(Image-caption web data)
* * * * * * * * *
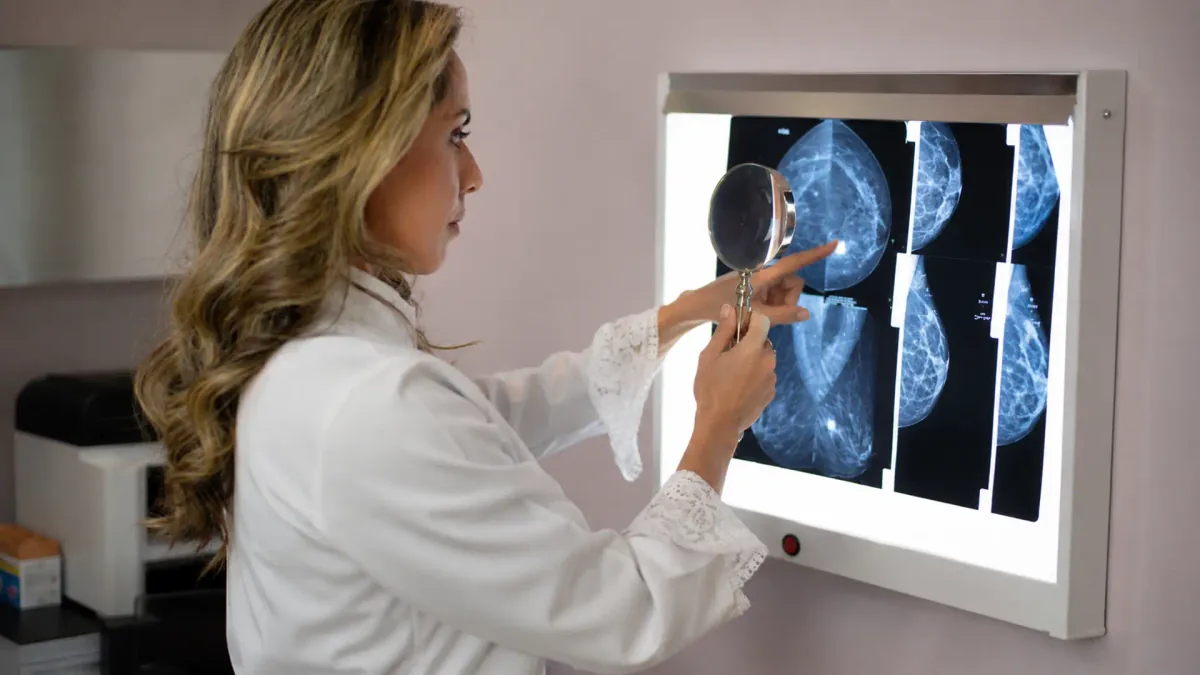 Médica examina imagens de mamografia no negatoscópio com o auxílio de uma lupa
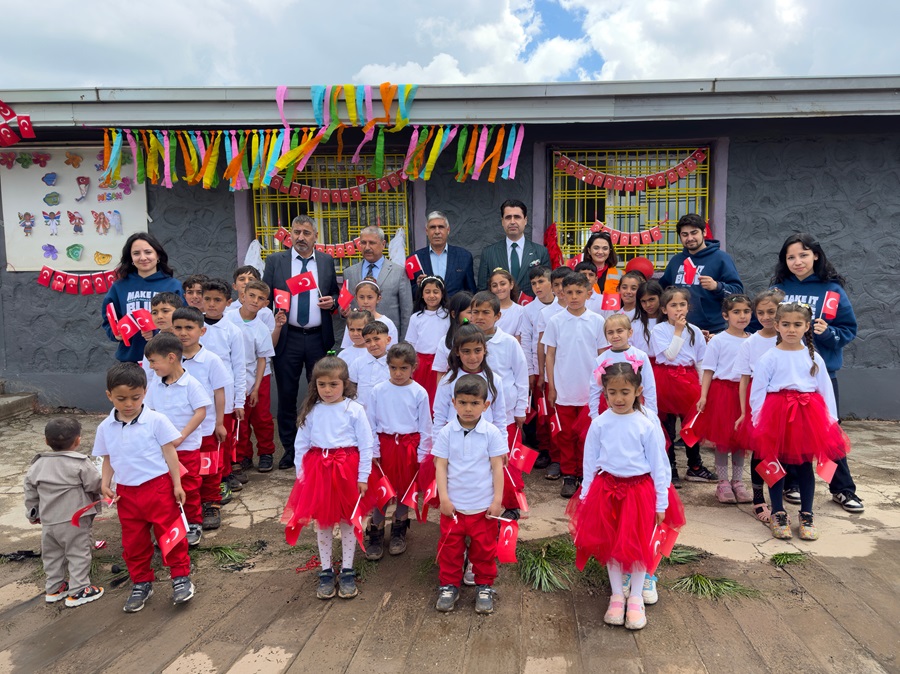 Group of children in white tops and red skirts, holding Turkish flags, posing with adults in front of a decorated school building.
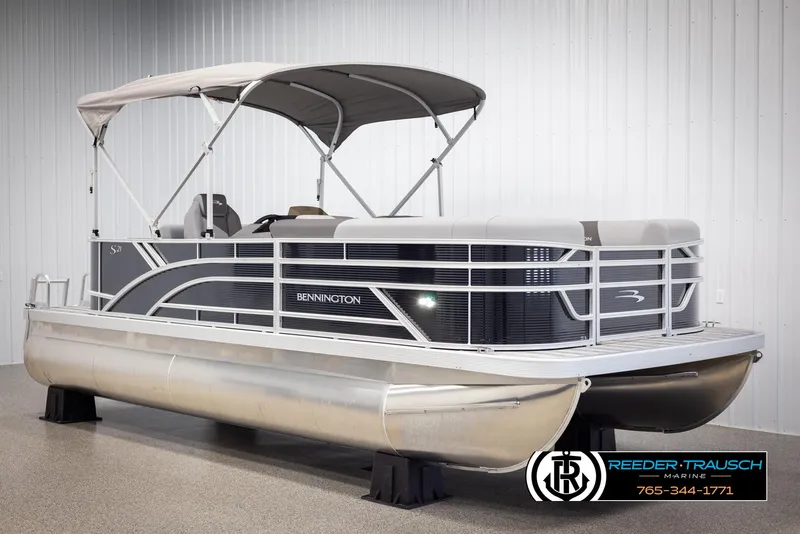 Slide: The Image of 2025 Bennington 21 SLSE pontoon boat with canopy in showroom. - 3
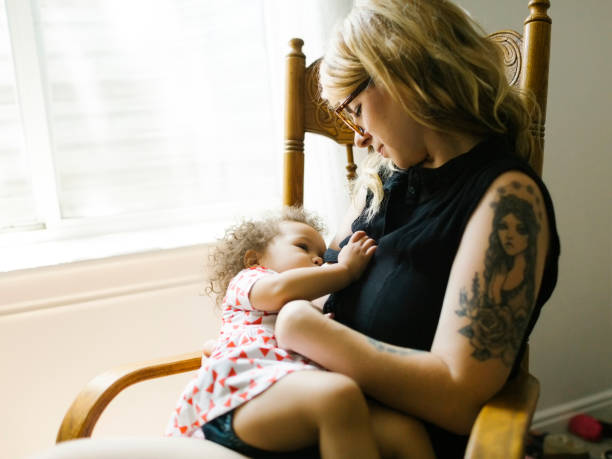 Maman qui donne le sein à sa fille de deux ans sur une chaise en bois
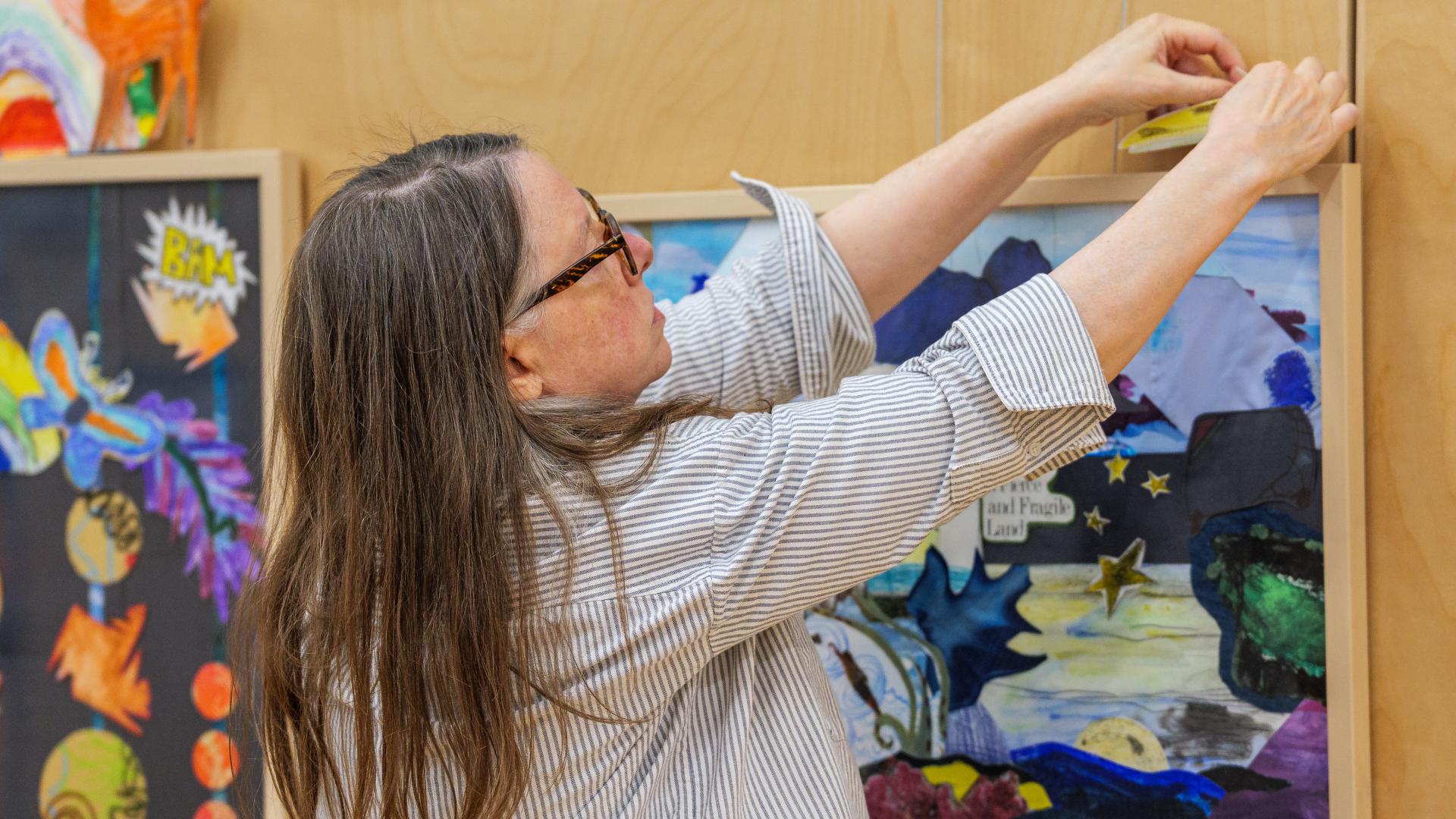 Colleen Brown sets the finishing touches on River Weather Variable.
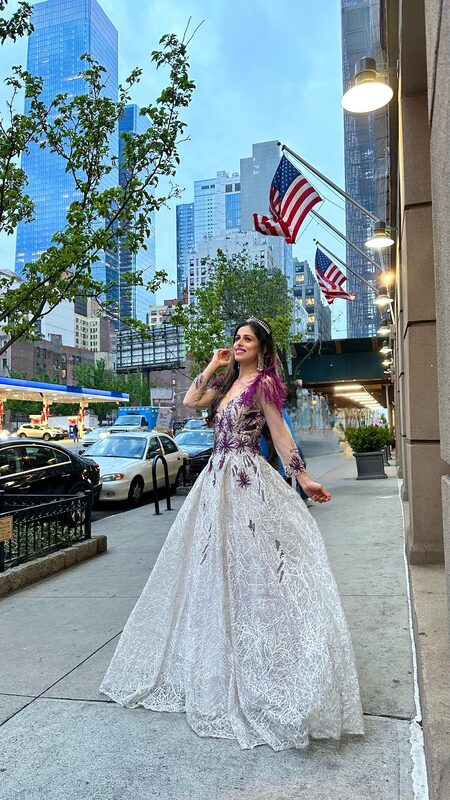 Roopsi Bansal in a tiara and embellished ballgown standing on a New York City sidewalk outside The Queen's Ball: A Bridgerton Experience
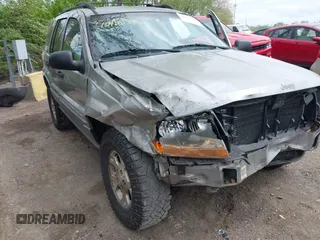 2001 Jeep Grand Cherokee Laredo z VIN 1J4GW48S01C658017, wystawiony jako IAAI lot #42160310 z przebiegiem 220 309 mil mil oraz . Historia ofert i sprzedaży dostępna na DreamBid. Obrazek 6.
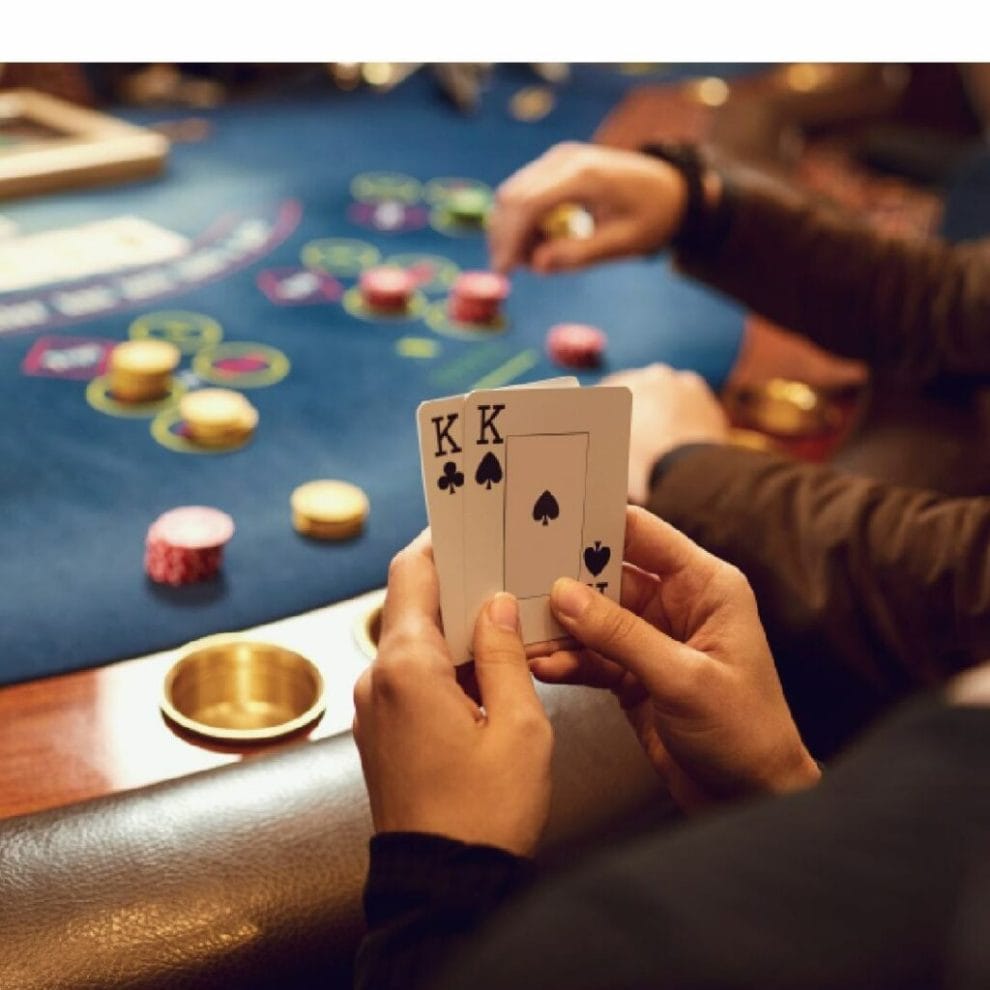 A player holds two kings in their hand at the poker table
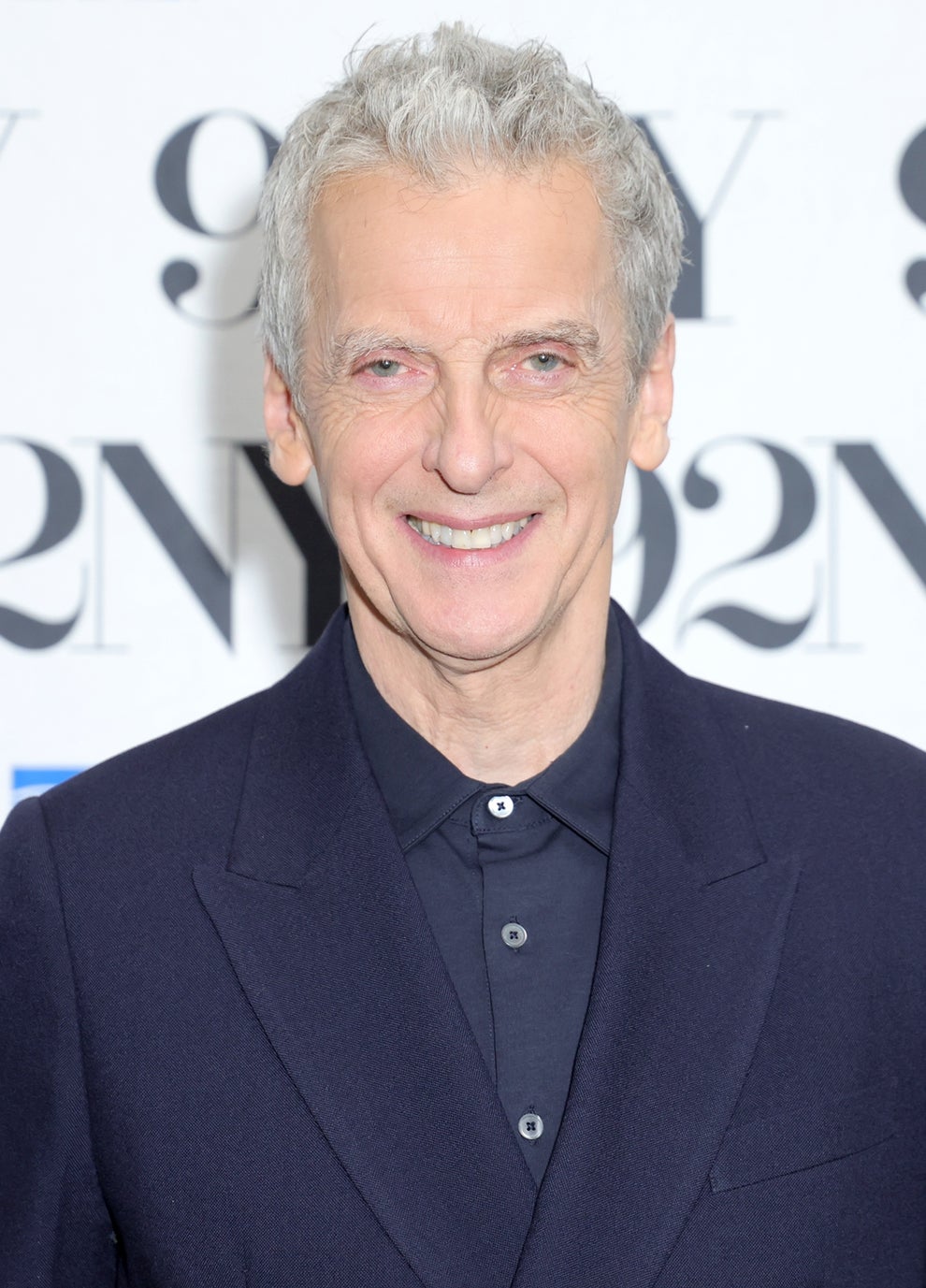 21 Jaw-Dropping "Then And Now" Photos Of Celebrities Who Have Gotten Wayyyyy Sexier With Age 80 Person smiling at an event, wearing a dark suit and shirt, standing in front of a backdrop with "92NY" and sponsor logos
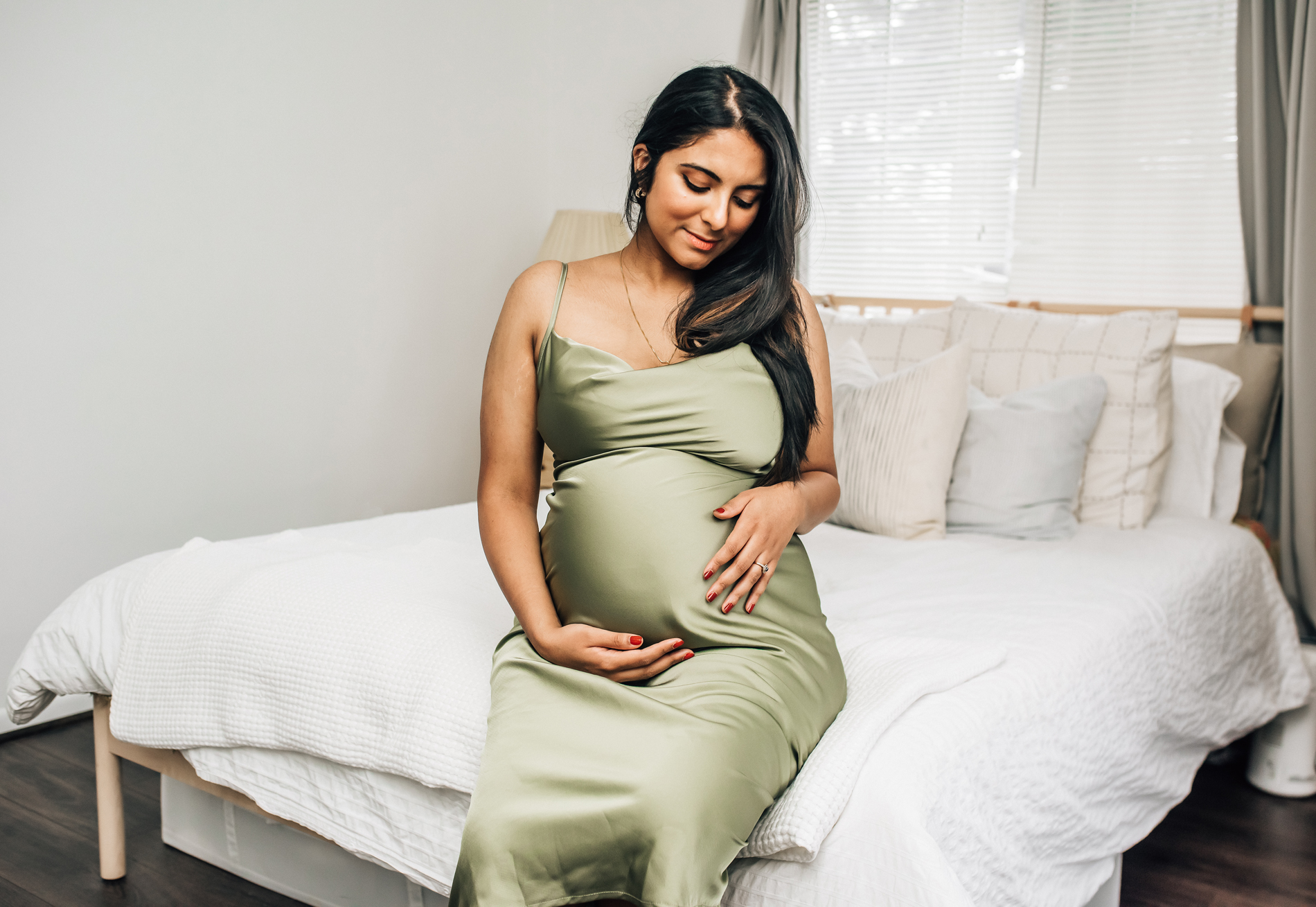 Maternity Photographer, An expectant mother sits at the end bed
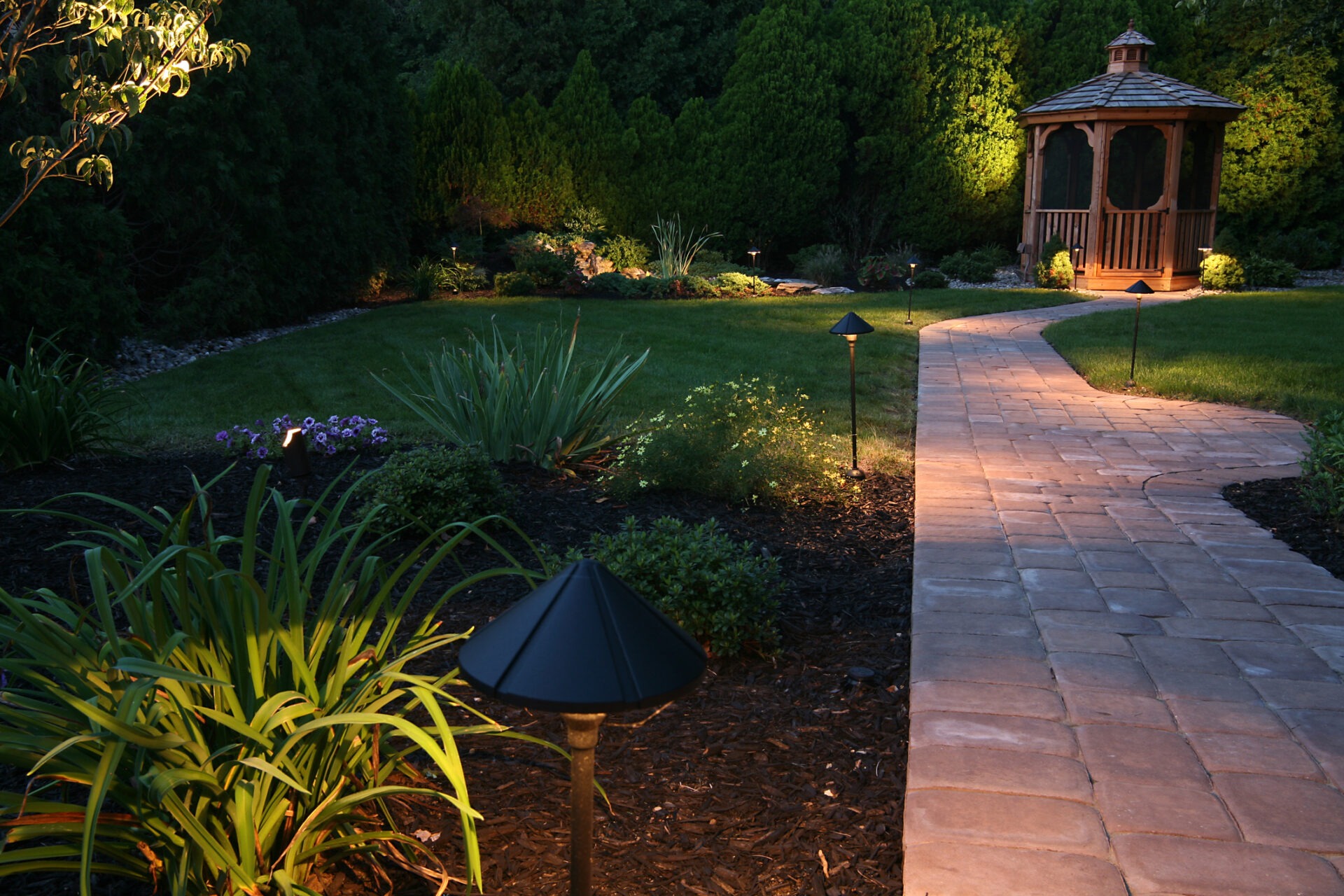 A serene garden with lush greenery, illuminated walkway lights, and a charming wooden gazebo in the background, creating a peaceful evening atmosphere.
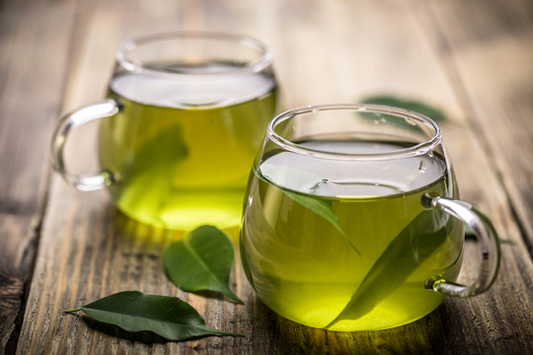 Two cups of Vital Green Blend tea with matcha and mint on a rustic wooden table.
* * * * * * * * *
> **PROBLEM TO SOLVE**
Apart from the pictures, all of the data must be duplicated exactly as shown above.

> **RESPONSE BOX**
 Médica examina imagens de mamografia no negatoscópio com o auxílio de uma lupa
 Group of children in white tops and red skirts, holding Turkish flags, posing with adults in front of a decorated school building.
 Slide: The Image of 2025 Bennington 21 SLSE pontoon boat with canopy in showroom. - 3
 Maman qui donne le sein à sa fille de deux ans sur une chaise en bois
 Colleen Brown sets the finishing touches on River Weather Variable.
 Roopsi Bansal in a tiara and embellished ballgown standing on a New York City sidewalk outside The Queen's Ball: A Bridgerton Experience
 2001 Jeep Grand Cherokee Laredo z VIN 1J4GW48S01C658017, wystawiony jako IAAI lot #42160310 z przebiegiem 220 309 mil mil oraz . Historia ofert i sprzedaży dostępna na DreamBid. Obrazek 6.
 A player holds two kings in their hand at the poker table
 21 Jaw-Dropping "Then And Now" Photos Of Celebrities Who Have Gotten Wayyyyy Sexier With Age 80 Person smiling at an event, wearing a dark suit and shirt, standing in front of a backdrop with "92NY" and sponsor logos
 Maternity Photographer, An expectant mother sits at the end bed
 A serene garden with lush greenery, illuminated walkway lights, and a charming wooden gazebo in the background, creating a peaceful evening atmosphere.
 Two cups of Vital Green Blend tea with matcha and mint on a rustic wooden table.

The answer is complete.